+++ EXTRACTED DATA +++

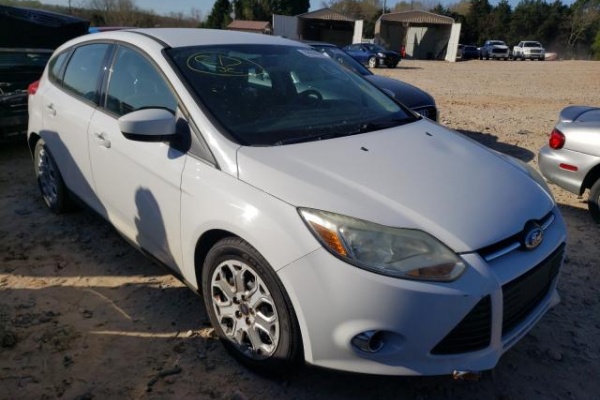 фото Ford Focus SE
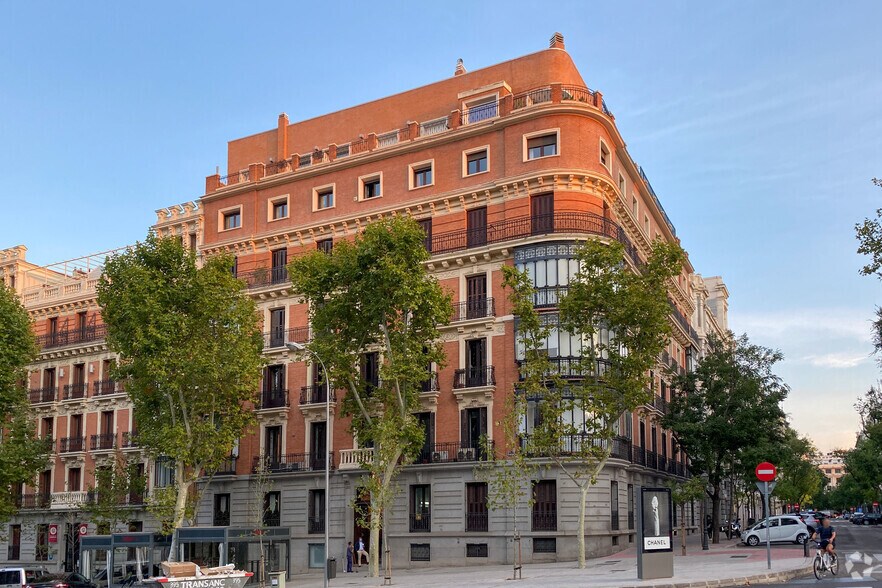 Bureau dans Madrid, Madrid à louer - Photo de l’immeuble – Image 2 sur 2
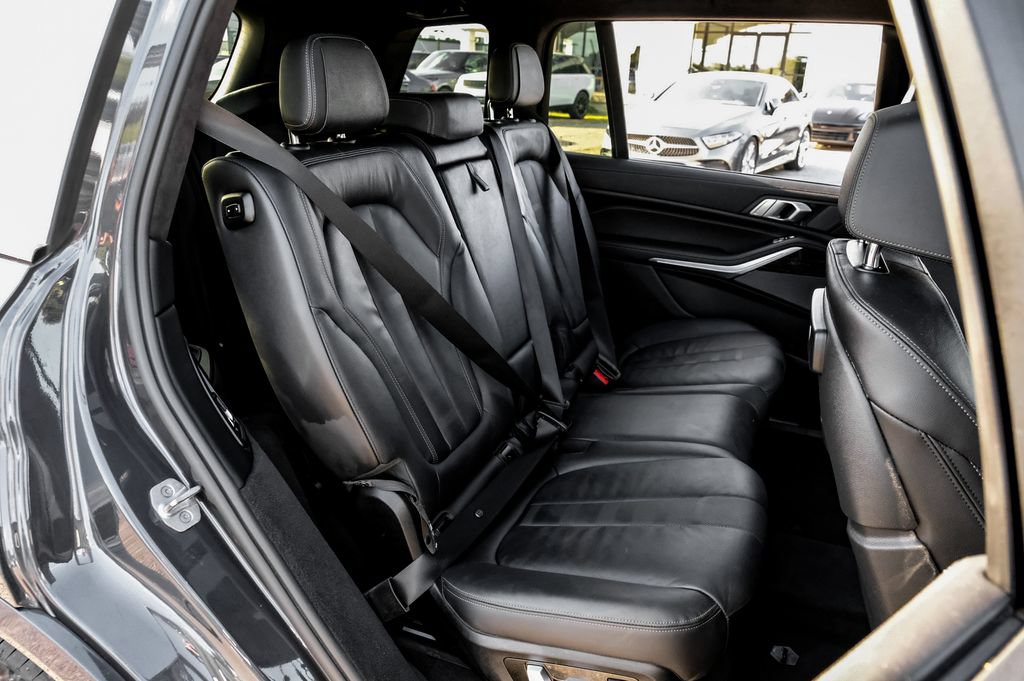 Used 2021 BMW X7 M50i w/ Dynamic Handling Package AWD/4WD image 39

+++
+++ EXTRACTED DATA +++

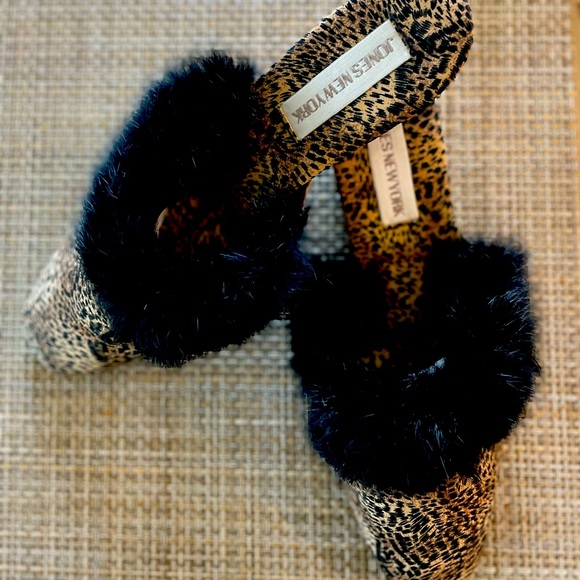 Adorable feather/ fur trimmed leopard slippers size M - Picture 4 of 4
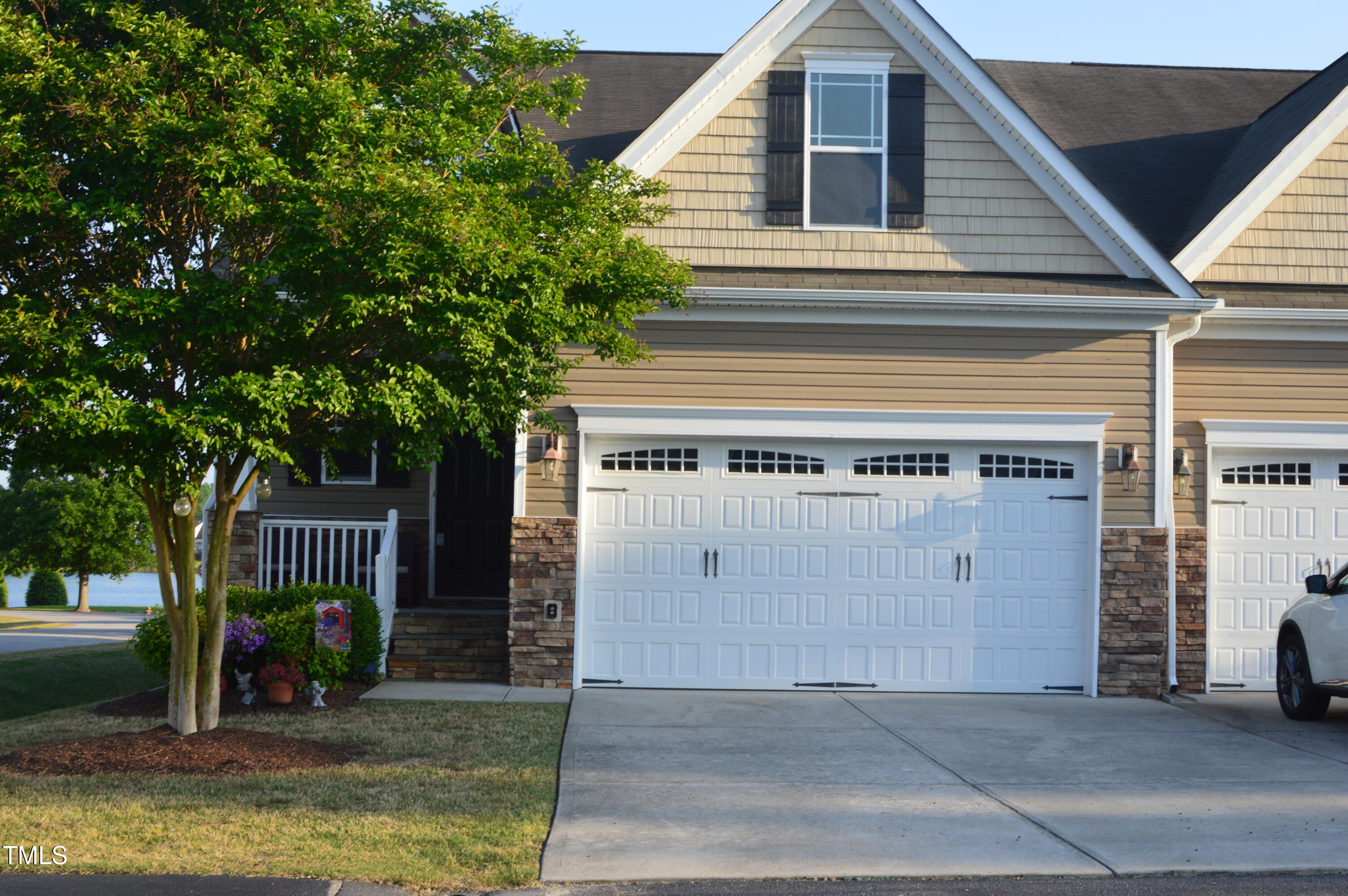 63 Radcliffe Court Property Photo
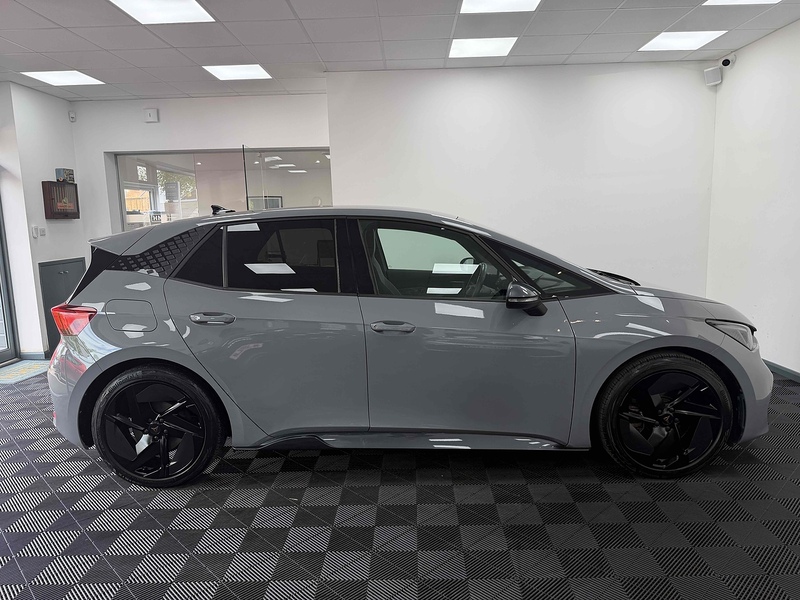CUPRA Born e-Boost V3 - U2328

+++
+++ EXTRACTED DATA +++

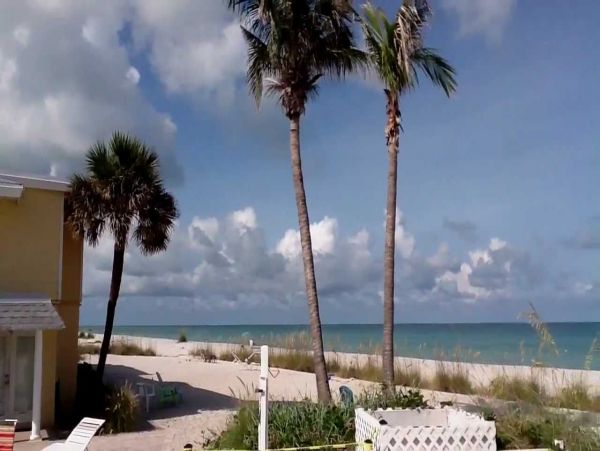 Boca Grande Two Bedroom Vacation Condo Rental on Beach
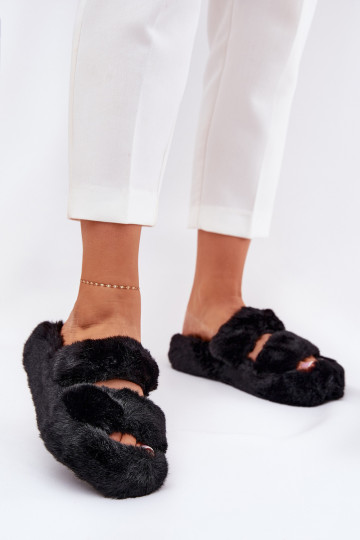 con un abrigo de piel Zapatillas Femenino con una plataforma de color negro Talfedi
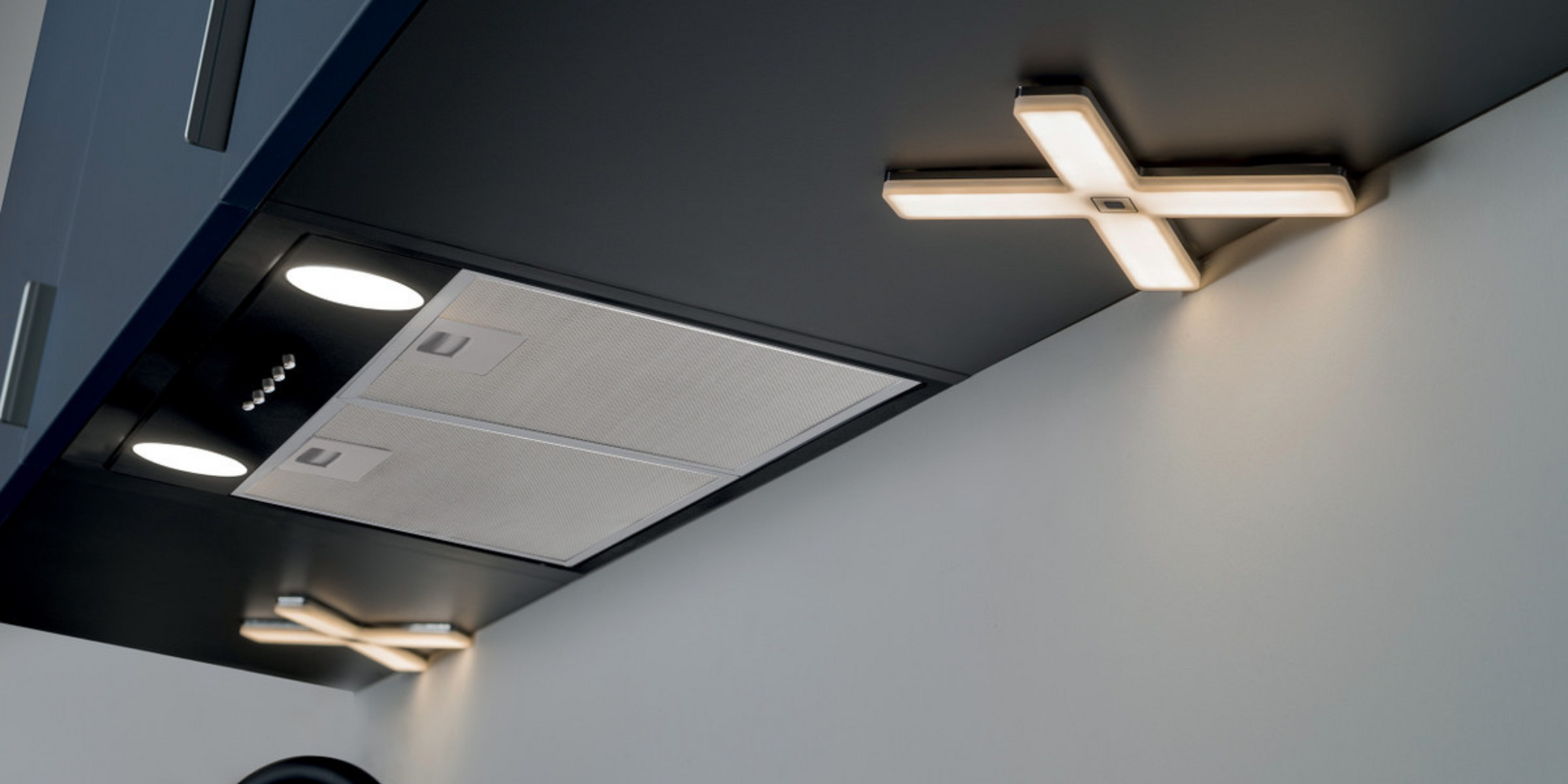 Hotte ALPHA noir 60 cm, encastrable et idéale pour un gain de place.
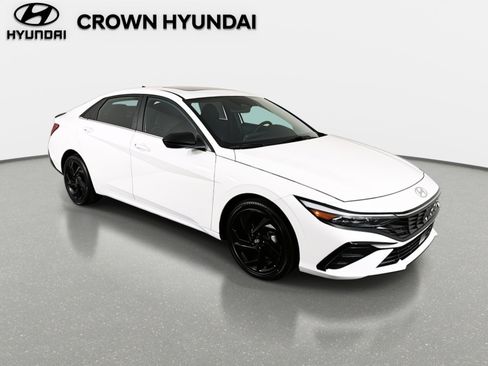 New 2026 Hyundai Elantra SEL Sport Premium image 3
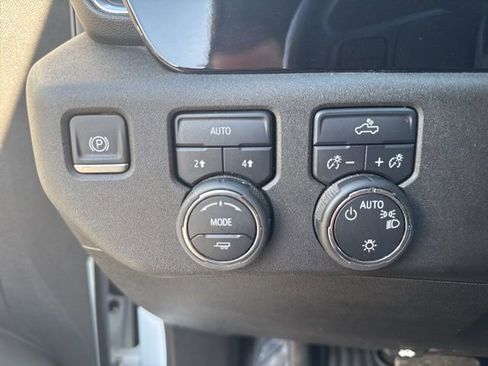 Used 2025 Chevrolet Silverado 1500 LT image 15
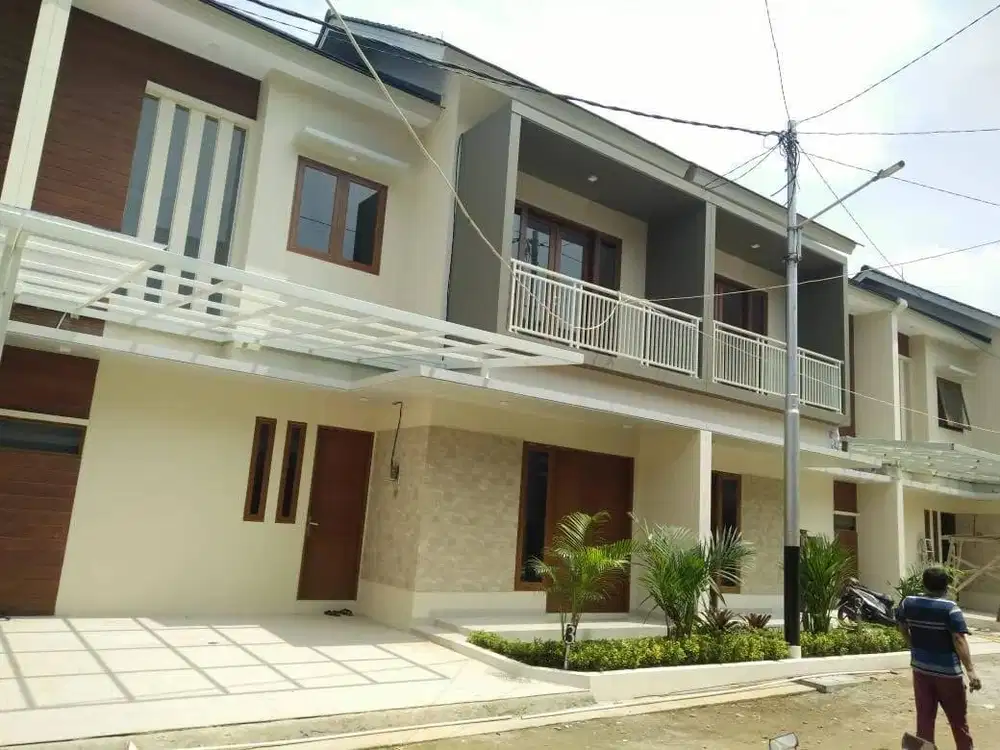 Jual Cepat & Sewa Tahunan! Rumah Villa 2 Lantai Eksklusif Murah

+++

When you reach the line holding "фото Ford Focus SE" in the listing above, begin retyping exactly, and stop once the line holding "Used 2021 BMW" is done; pictures stay out.

■ **ANSWER TO THE EXERCISE**:
 фото Ford Focus SE
 Bureau dans Madrid, Madrid à louer - Photo de l’immeuble – Image 2 sur 2
 Used 2021 BMW X7 M50i w/ Dynamic Handling Package AWD/4WD image 39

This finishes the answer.